Over several years, I kept returning to three small houses built close to each other and surrounded by a dead forest of short, dusty palm trees. Little clouds of white dust rose into the air with each footstep, settling on my tongue and filling my mouth with the taste of salt. The ruins were in a desolate forgotten community once named Dixieland, although none of the locals I talked to recognized that name. The houses stood in the middle of the Imperial Valley, an improbable land of agricultural bounty surrounded by desert on the ancient floodplain of the Sea of Cortez.
Inside one of the houses, dressed up with the tatters of coral-pink curtains and the remnants of white Christmas lights, I found a family photo album lying in the dust – a young girl, her older brother, their parents smiling over them.

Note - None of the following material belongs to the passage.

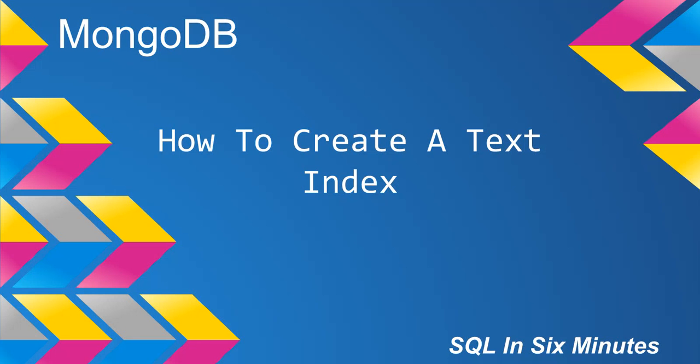All right, this morning we're going to learn how to create a text index on a document. And then in the next video, which will be private, we will learn how to add multiple text indexes to string fields on a collection.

I cannot guess what panic drove them out so suddenly, leaving these memories behind..
I took my pictures, captured a ghost image in silver of the house crumbling around the album, the desert wind tearing the curtains to rags. I've come back over the years. Everything changes constantly. The album is gone, new rusty cans and stained mattresses left behind by passing transients have taken their place. These are signs enough of mortality and change. But at the very least, the images inscribed onto my negatives can tell a story of a brief chapter in time. There was life here, once, and someone was watching.